■ Data for analysis ■

::::

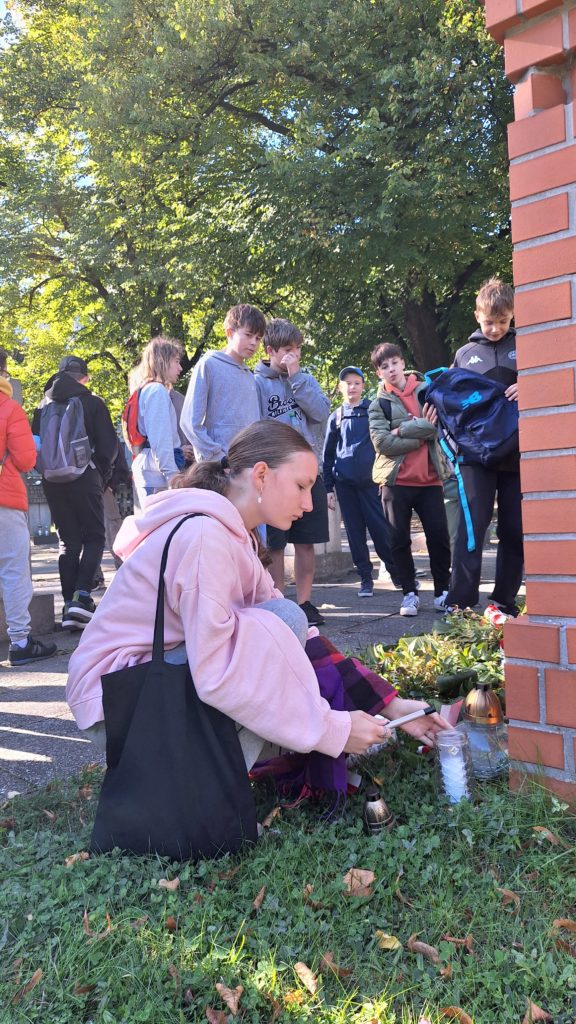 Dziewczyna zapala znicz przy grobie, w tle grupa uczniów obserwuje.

::::

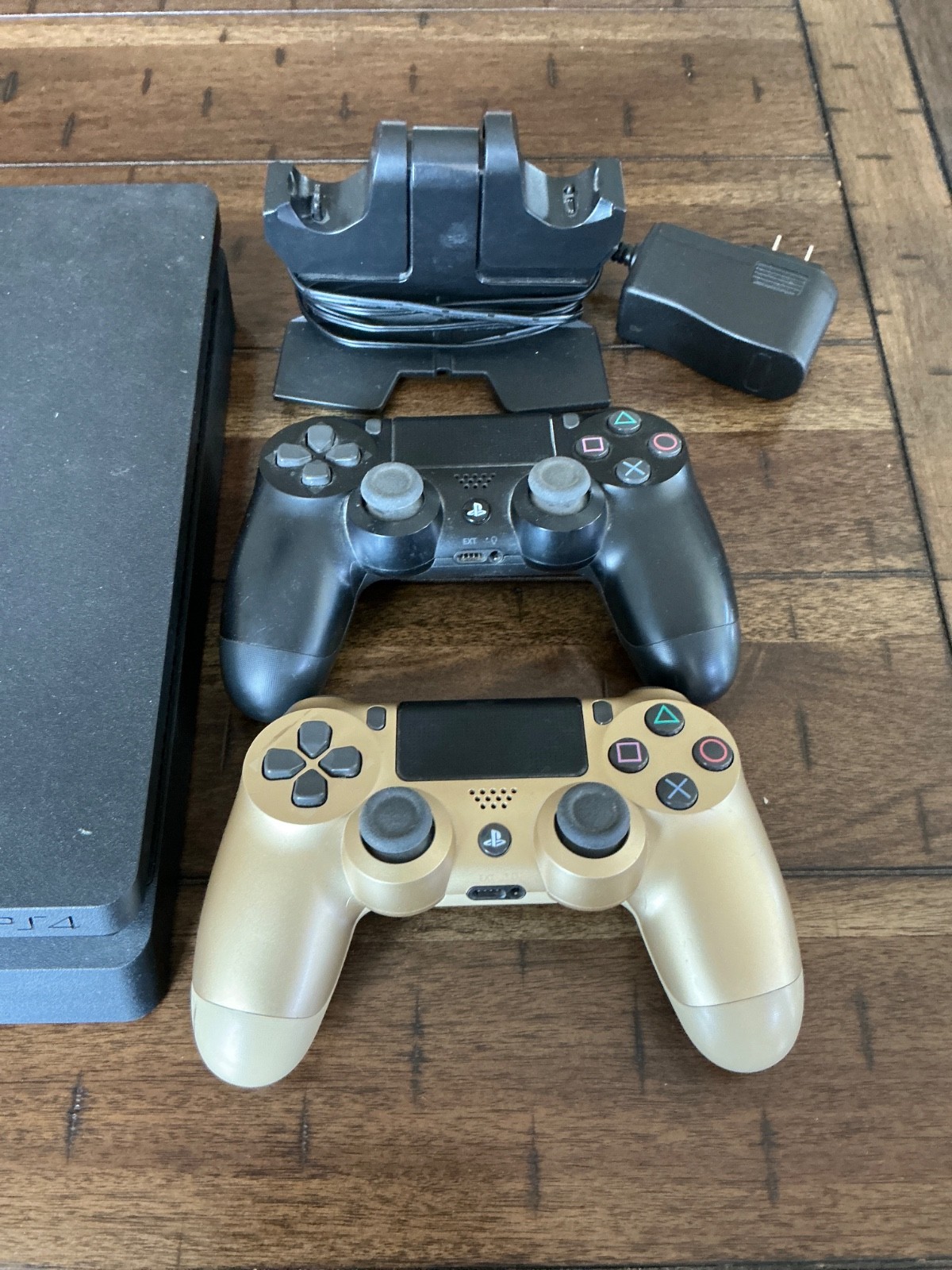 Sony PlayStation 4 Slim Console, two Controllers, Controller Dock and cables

::::

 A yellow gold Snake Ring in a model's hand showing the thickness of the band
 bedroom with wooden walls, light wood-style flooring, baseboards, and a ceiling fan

::::

■ Task goal ■
Every line from the line containing "A yellow gold" through the line containing "bedroom with wooden" in the records above must be retyped exactly. Leave out the rest.

■ Solution below ■
 A yellow gold Snake Ring in a model's hand showing the thickness of the band
 bedroom with wooden walls, light wood-style flooring, baseboards, and a ceiling fan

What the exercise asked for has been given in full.